KRT10 (KRT10 stands for keratin 10) is a protein coding gene located on chromosome 17q21.2.

Diseases associated with KRT10 include:

• Congenital reticular ichthyosiform erythroderma (CRIE - OMIM: 609165).
• Superficial epidermolytic ichthyosis (SEI - OMIM:146800)
• Epidermolytic ichthyosis (EI-OMIM: 113800)
• Autosomal recessive epidermolytic ichthyosis (AREI - OMIM 113800) (Vodo D et al (2018).
• Epidermolytic nevus (OMIM: 113800)

This gene encodes a member of the type I (acidic) cytokeratin family, which belongs to the intermediate filament (IF) protein superfamily.

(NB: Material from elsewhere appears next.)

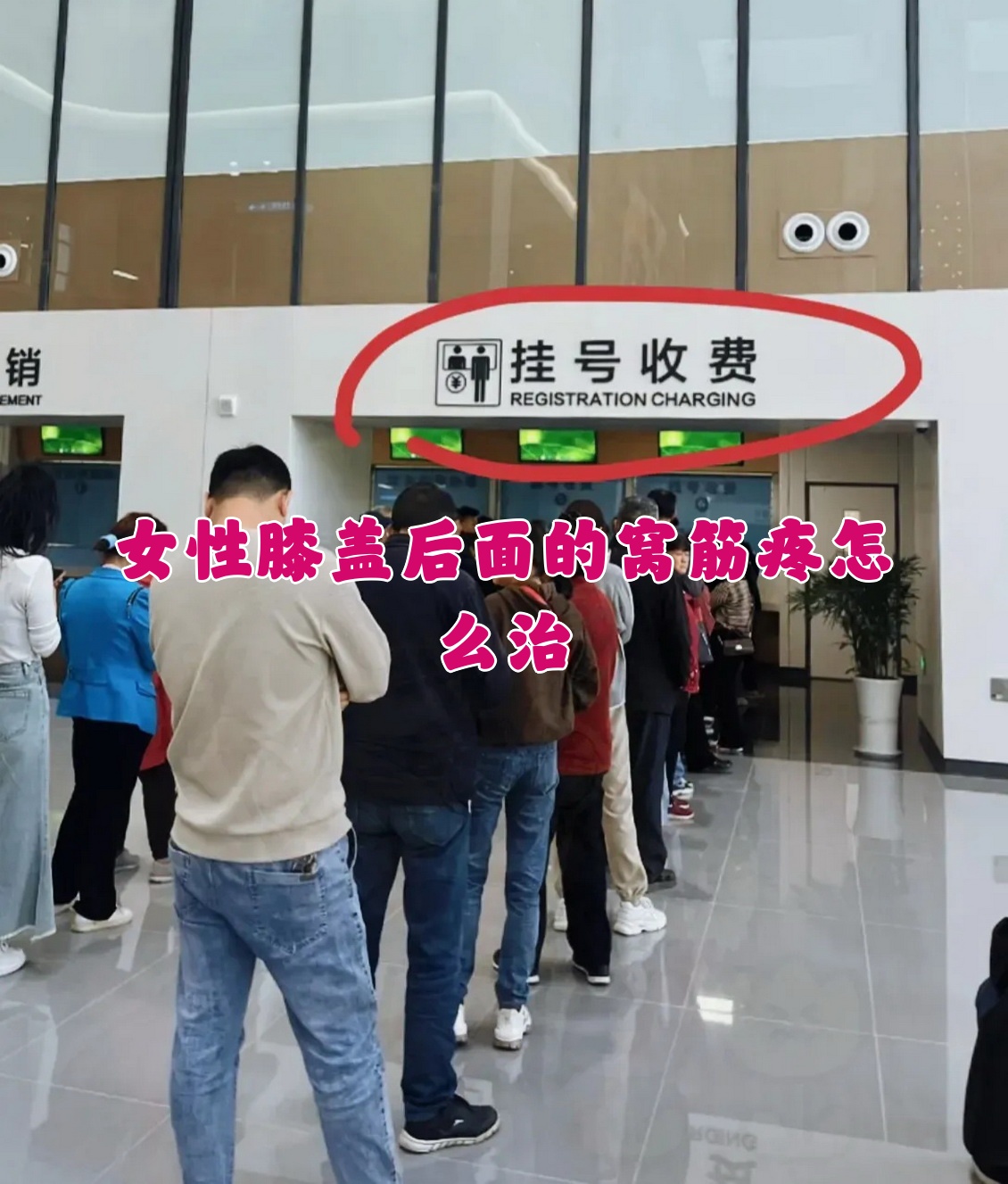 包含周口市中心医院代挂陪诊就医的词条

Keratins are heteropolymeric structural proteins that form the intermediate filament. These filaments, together with actin microfilaments and microtubules, form the cytoskeleton of epithelial cells. Mutations in this gene are associated with keratinopathic ichthyosis. The KRT10 gene is located within a cluster of keratin family members on chromosome 17q21.

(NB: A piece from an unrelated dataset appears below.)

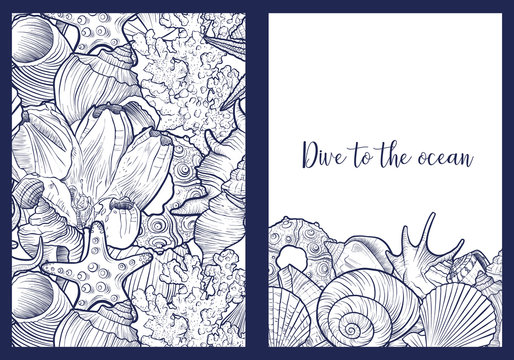 vector backgrounds with seashells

Microbial infection: KRT10 acts as a mediator of S.aureus adherence to desquamated nasal epithelial cells via clfB and thus may play a role in nasal infection. Furthermore, KRT10 binds S.pneumoniae PsrP and mediates adherence of the bacteria to lung cell lines. Reduction of KRT10 keratin decreases adherence, whereas overexpression increases adherence.

1. Covaciu C et al (2010) Lethal autosomal recessive epidermolytic ichthyosis due to a novel donor splice-site mutation in KRT10. Br J Dermatol162:1384-1387.
2. March OP et al (2019) Gene Editing-Mediated Disruption of Epidermolytic Ichthyosis-Associated KRT10 Alleles Restores Filament Stability in Keratinocytes. J Invest Dermatol 139:1699-1710.e6.
3. Vodo D et al (2018) Recessive epidermolytic ichthyosis results from loss of keratin 10 expression, regardless of the mutation location. Clin Exp Dermatol 43:187-190.